_Exercise prompt_
Reproduce each line, exactly, from the one containing "Braun Büffel Bags" through the end of the material. Exclude pictures.

_Records shown_
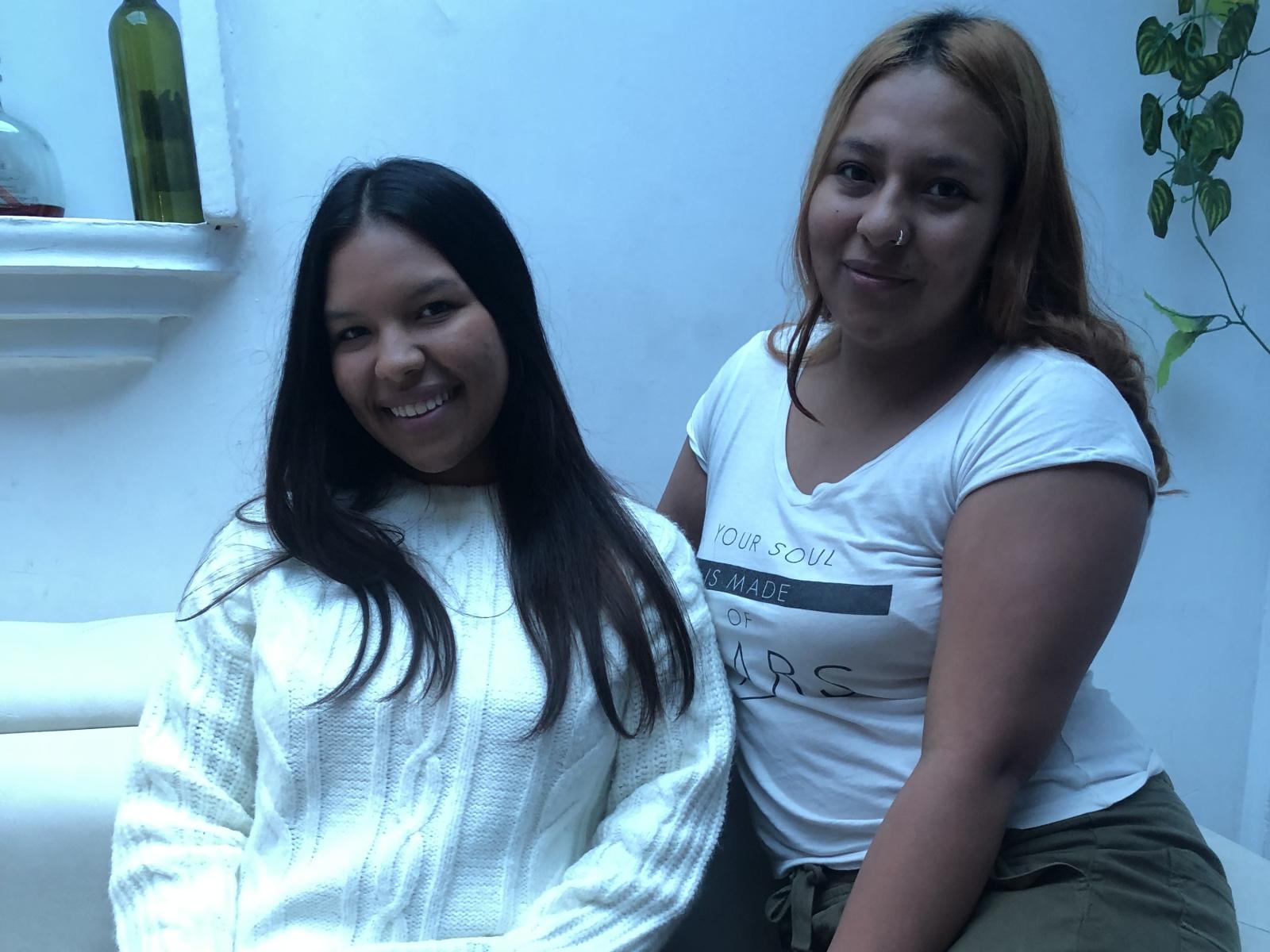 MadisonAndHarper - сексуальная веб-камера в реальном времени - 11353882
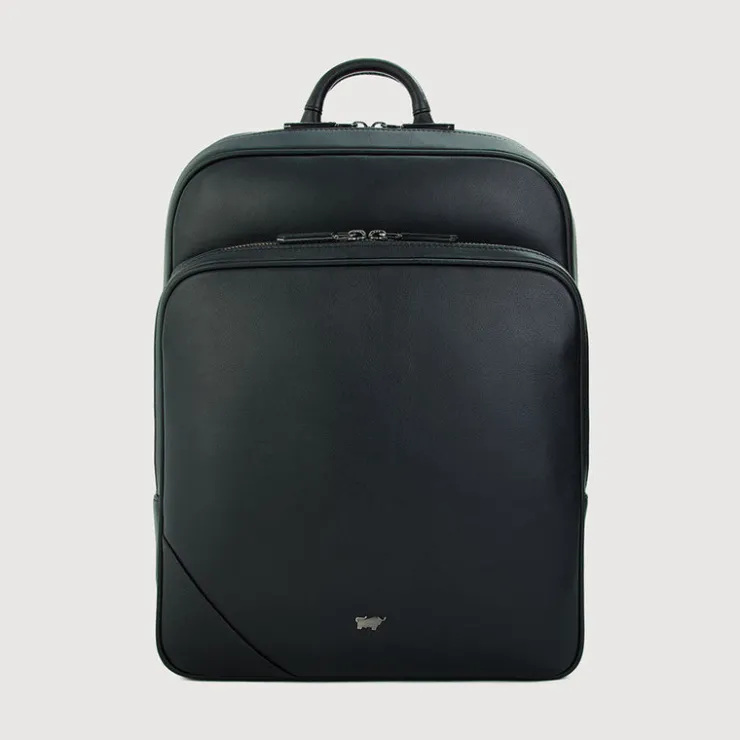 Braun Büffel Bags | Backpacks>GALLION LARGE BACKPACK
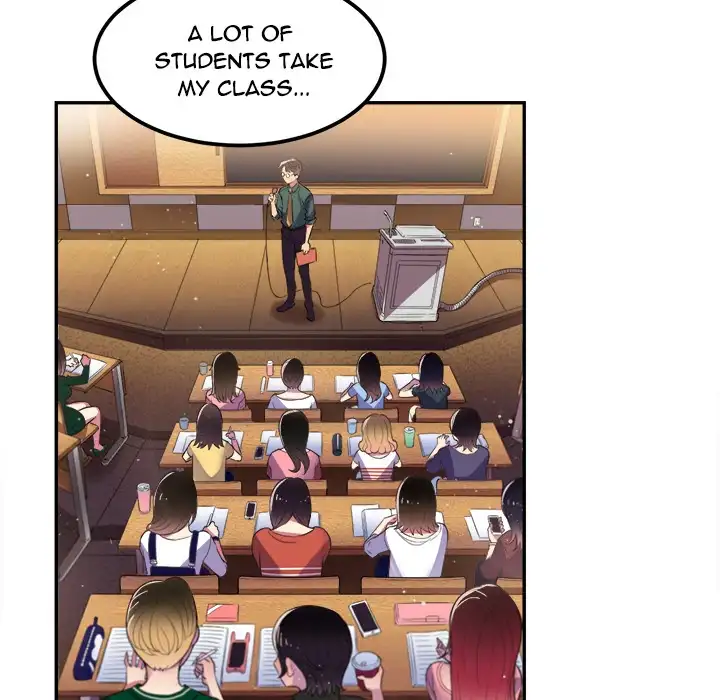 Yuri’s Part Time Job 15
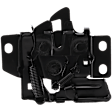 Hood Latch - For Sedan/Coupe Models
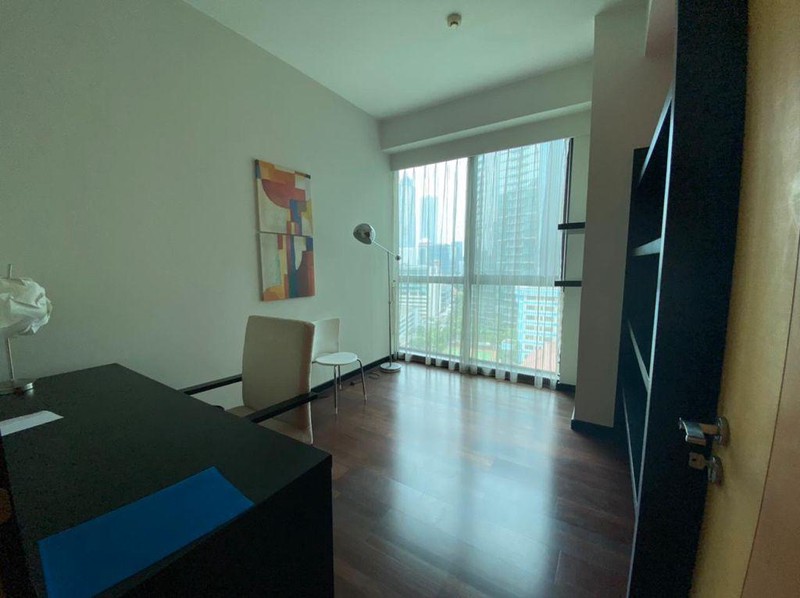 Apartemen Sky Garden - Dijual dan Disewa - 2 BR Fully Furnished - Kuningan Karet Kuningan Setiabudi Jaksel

_Solved exercise_
 Braun Büffel Bags | Backpacks>GALLION LARGE BACKPACK
 Yuri’s Part Time Job 15
 Hood Latch - For Sedan/Coupe Models
 Apartemen Sky Garden - Dijual dan Disewa - 2 BR Fully Furnished - Kuningan Karet Kuningan Setiabudi Jaksel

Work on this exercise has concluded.